Bike Sharing Machine Learning Model

Published in MDS-UBC GitHub, 2020

Demand forecasting is an important aspect for many companies in carrying out their operations. In this project we analyze the bike-sharing dataset from UCI Machine Learning Repository, and build a regression learning machine model using the Random Forest Regressor algorithm to predict the count of bike rentals based on time and weather-related information. For this project we use Docker, making it easier to replicate the analysis.
$\bigstar$ Click here to look at the original GitHub repository of this project.

Authors: Aman Kumar (amank90), Dora Qian (doraqmon), and Victor Cuspinera (vcuspinera)

Dataset

The data that we use to build the model comes from the bike-sharing dataset created by Dr. Hadi from LIAAD and shared in the UCI Machine Learning Repository.

This dataset contains the hourly information about the numbers of bike rentals in Washington, DC between 2011 and 2012. It has 17 variables, standing out:

  1. cnt (our target) count of total rental bikes including both casual and registered
  2. season: Season (1:spring, 2:summer, 3:fall, 4:winter)
  3. dteday: Date
  4. hr: Hour
  5. holiday: (0: No, 1: Yes)
  6. weekday: Day of the week (starting from 0: Sunday)
  7. workingday: (0: No, 1: Yes)
  8. weathersit: (1: Sunny or partly cloudy. 2: Mist or cloudy. 3: Light rain or snow. 4: Heavy rain, thunderstorm or snow)
  9. temp: Normalized temperature in Celsius
  10. hum: Normalized humidity
  11. windspeed: Normalized wind speed

Explanatory Data Analysis (EDA)

In this initial analysis, we separate the dataset in two parts: train and test. Afterwards, we built some visualizations to deep dive the data and found the relationships between different variables, as well as the explanatory variables with a higher correlation with the target variable (number of bikes rented). The full EDA report can be found here.

Among our finds, we observe that the demand for bikes increases when the weather is warmer and decreases when the temperatures are lower.

Figure 1. Analysis of temperatures by working day

The day of week and hour of the day clearly affects the count of bike rental. Also, people rent these bikes mainly for work and school on weekdays showing the peak of the demand in two times of the day. Besides, people use rental bikes between 11 am and 4 pm during weekends.
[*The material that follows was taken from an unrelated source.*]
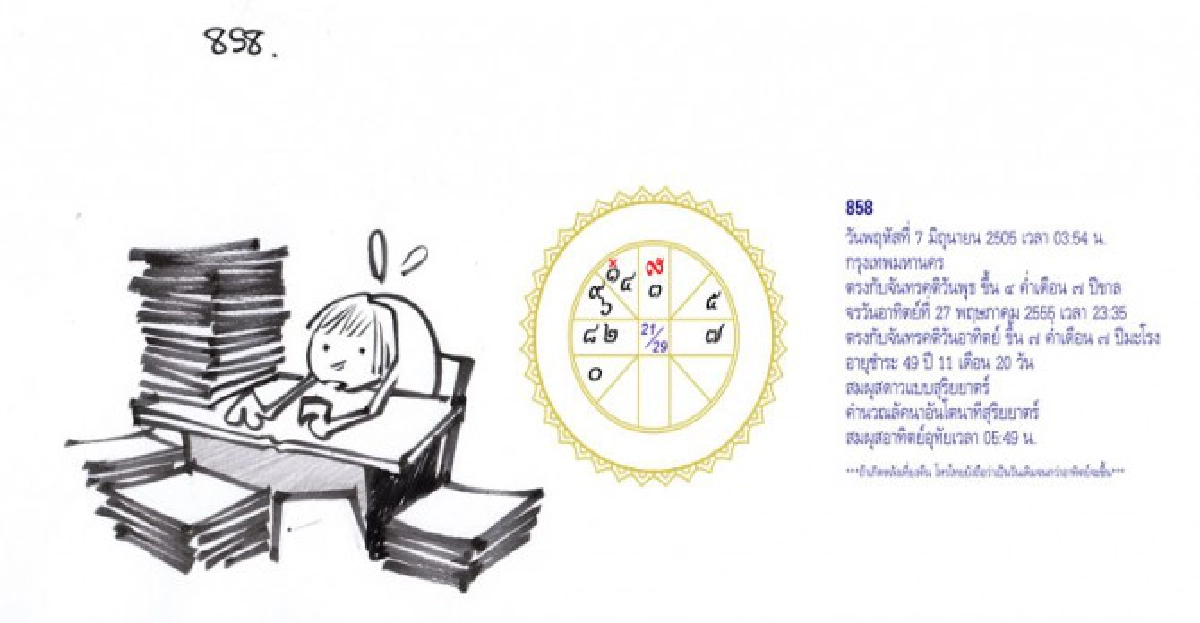 จัดฉากชีวิตลิขิตดวงดาว
จัดฉากชีวิตลิขิตดวงดาว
Figure 2. Analysis per hour and weekday

The correlation matrix between features, including the target variable, is shown below.

Figure 3. Correlation matrix

Analysis

The original dataset has categorical features preprocessed using label encoding and numerical features preprocessed using MinMaxScalar. So, we decide to de-normalize the numerical features before splitting the data in train and test datasets. Also, we changed holiday and workingday to OneHotEncoding.

For the analysis we test different models from Scikit-learn, tunning different hyperparameters (i.e. ‘max_depth’ and ‘n_estimators’) which were chosen used 5-fold cross-validation with mean squared error as the regression metric.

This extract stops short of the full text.